# [Your task]
Images do not belong in the copy. Set down all the entries exactly.

# [Records to process]
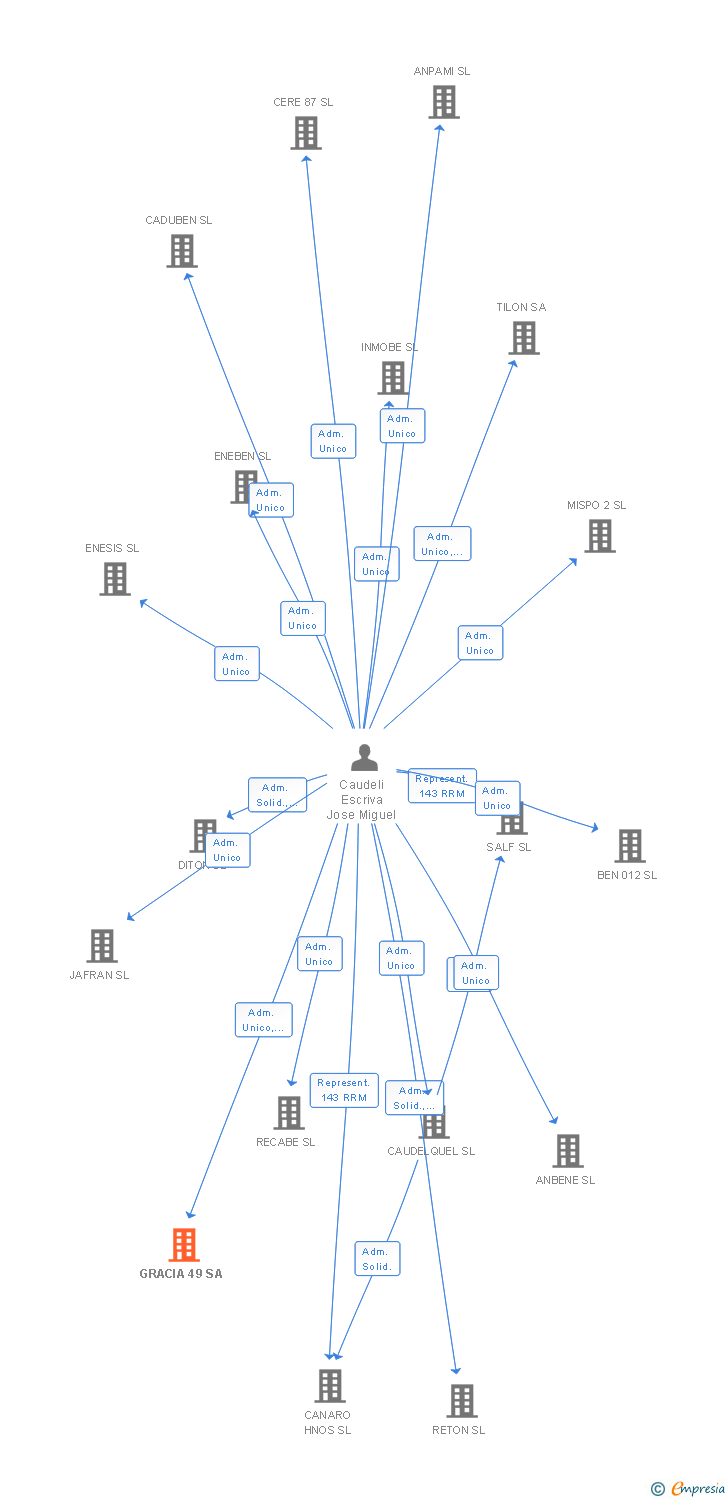 Vinculaciones societarias de GRACIA 49 SA (EXTINGUIDA)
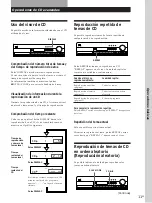 Предварительный просмотр 47 страницы Sony RXD-700 Operating Instructions Manual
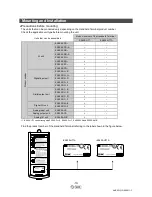 Предварительный просмотр 11 страницы SMC Networks EX600-HT1A Operation Manual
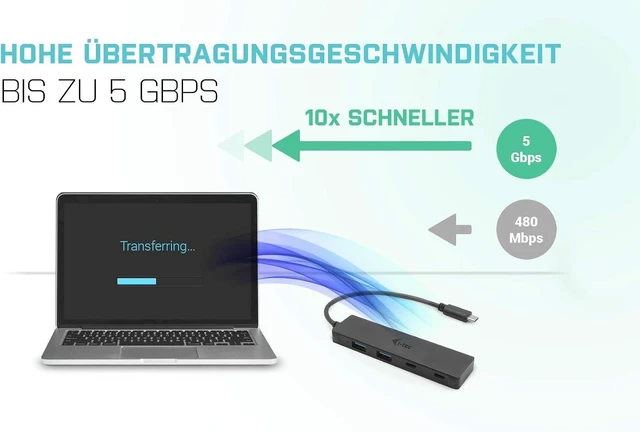 Alt view image 6 of 7 - i-tec USB-C Metal HUB 2x USB 3.0 + 2x USB-C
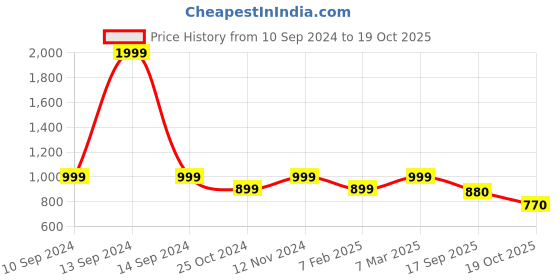 tatacliq.com Park Avenue Brown Super Slim Fit Flat Front Trousers park avenue Price History Graph from 10 Sep 2024 to 19 Oct 2025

# [Reply]
 Vinculaciones societarias de GRACIA 49 SA (EXTINGUIDA)
 Предварительный просмотр 47 страницы Sony RXD-700 Operating Instructions Manual
 Предварительный просмотр 11 страницы SMC Networks EX600-HT1A Operation Manual
 Alt view image 6 of 7 - i-tec USB-C Metal HUB 2x USB 3.0 + 2x USB-C
 tatacliq.com Park Avenue Brown Super Slim Fit Flat Front Trousers park avenue Price History Graph from 10 Sep 2024 to 19 Oct 2025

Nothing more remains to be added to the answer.